2015-02-17
Parsing (Ch. 4)

CYK algorithm
  - dynamic programming
  - supports any context-free grammar in Chomsky normal form

Earley parser (Jay Earley, 1968)
  - dynamic programming
  - supports any context-free grammar
  - O(n^3)

LL: left-to-right, leftmost derivation ("top-down")
  - "recursive descent"

  - LL(k) (Lewis and Stearns, 1968)
    - k tokens of lookahead
    - very expensive (when introduced)

  - LL(1)
    - exactly one token lookahead
    - much more efficient
    - uses FIRST() and FOLLOW() to build parse tables

  - efficient LL(k) (Terence Parr, 1990)
    - k tokens of lookahead
    - k is gradually increased w/ backtracking as a failback
    - basis of original ANTLR

  - GLL (Bernard Lang, 1974 & Scott and Johnstone, 2010)
    - LL analogue to GLR
    - maintains multiple parsing descriptors on a stack

  - LL(*) (Terence Parr and Kathleen Fisher, 2011)
    - LL analogue to LAR(m)
    - regular lookaheads w/ cyclic DFAs

  - ALL(*) (Terence Parr et. al., 2014)
    - parallel regular lookaheads
    - dynamic; adapts to input sentences
    - simulates augmented recursive transition networks (ATNs)
    - basis of ANTLR 4

LR: left-to-right, rightmost derivation ("bottom-up")
  - "shift/reduce"

  - Canonical LR (Don Knuth, 1965)
    - allows duplicated states
    - fewer conflicts; much larger parse tables

  - SLR (Frank DeRemer)
    - simple" LR: LR(0) states and their transitions
    - FOLLOW() used to compute lookaheads

  - LALR (Frank DeRemer, 1969)
    - similar to SLR but w/ smaller lookaheads
    - equivalently, a simplified version of canonical LR
    - more complicated lookahead calculation
    - basis of yacc/bison

    - recursive ascent (Thomas Penello, 1986)

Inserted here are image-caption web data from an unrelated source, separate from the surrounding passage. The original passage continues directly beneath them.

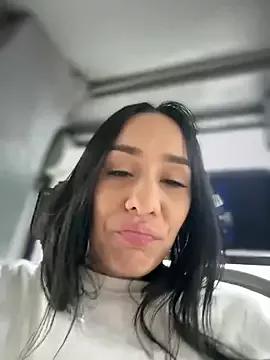 __IRIS__ from StripChat is Freechat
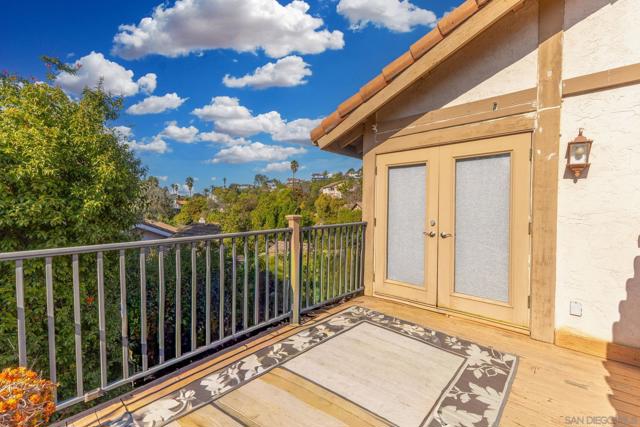 1363 Timberpond Dr, El Cajon CA: https://media.crmls.org/mediaz/fe8120eb-67b0-47ef-becc-7617047597bd.jpg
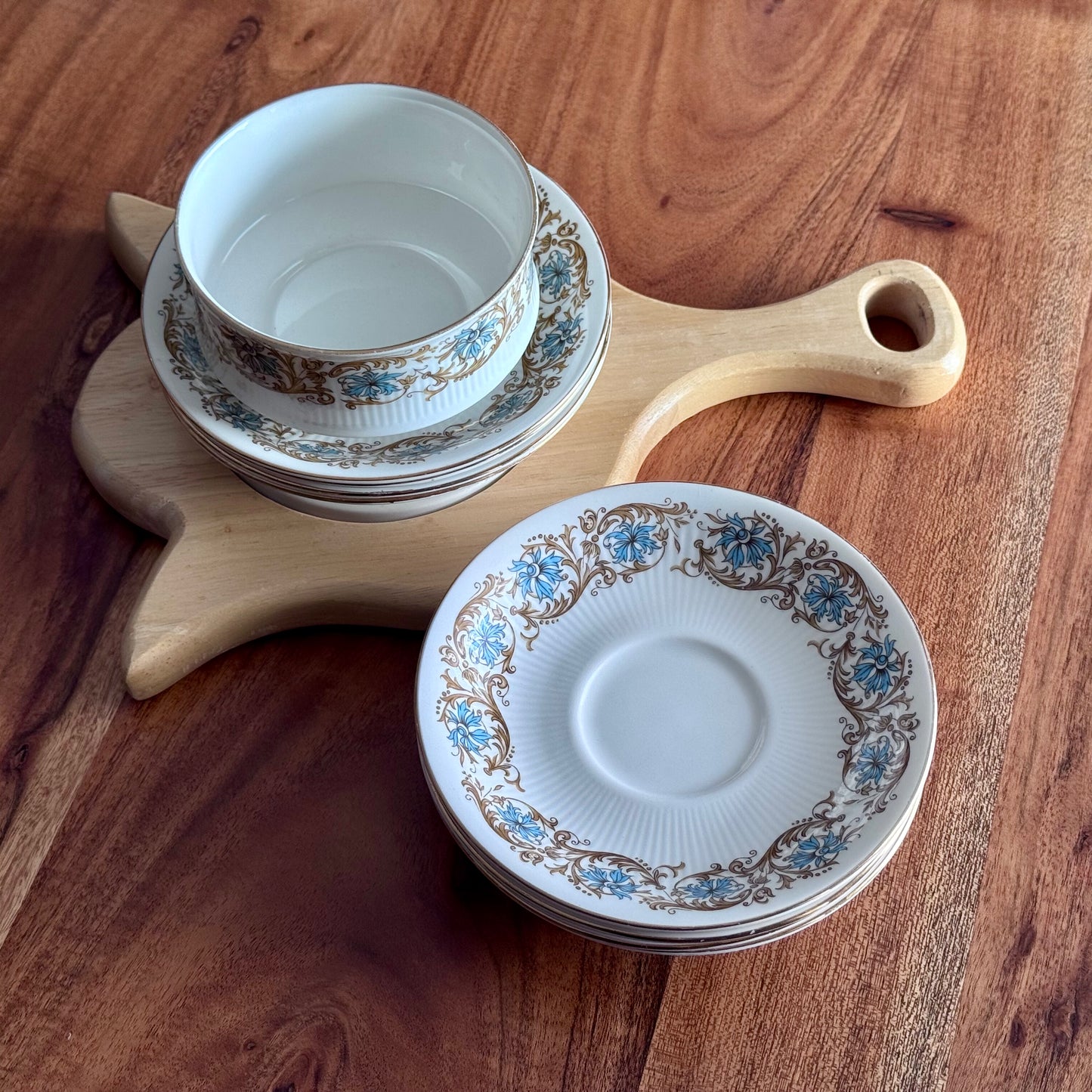 Royal Standard Bone China Saucers & Sugar Dish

  - GLR (Masaru Tomita, 1984)
    - generalized LR(k): returns all valid parses
    - spawns parallel parsing processes on conflicts
    - graph-structured stack (GSS)
    - more efficient than Earley

  - LAR(m) (Bermudez and Schimpf, 1990)
    - regular lookaheads w/ cyclic DFAs

PEG: parsing expression grammar (Bryan Ford, 2004)
  - similar to CFG-based grammars, but alternation is inherently ordered
  - often implemented with "packrat" parsers that memoize partial results

Additional reading for next Tuesday (2/24):
  "Adaptive LL(*) Parsing: The Power of Dynamic Analysis"
  Terence Parr, Sam Harwell, and Kathleen Fisher (OOPSLA'14)
  http://dl.acm.org/citation.cfm?id=2660202
  PDF is posted on Canvas (see "Files" section)

Project 3: Decaf Parser
  - decaf program -> parse tree -> AST
    - ANTLR grammar for 1st transition
    - ANTLR visitor for 2nd transition
  - minor modifications to document
    - see website for modified grammar
  - common AST structures (DecafAST.py)
    - download from website
    - do NOT modify this file (may need to replace it)
  - significant hints/discussion on website
    - sample Decaf programs
  - canonical solution: <100 lines for Decaf.g4
                        <200 lines for DecafASTConverter.py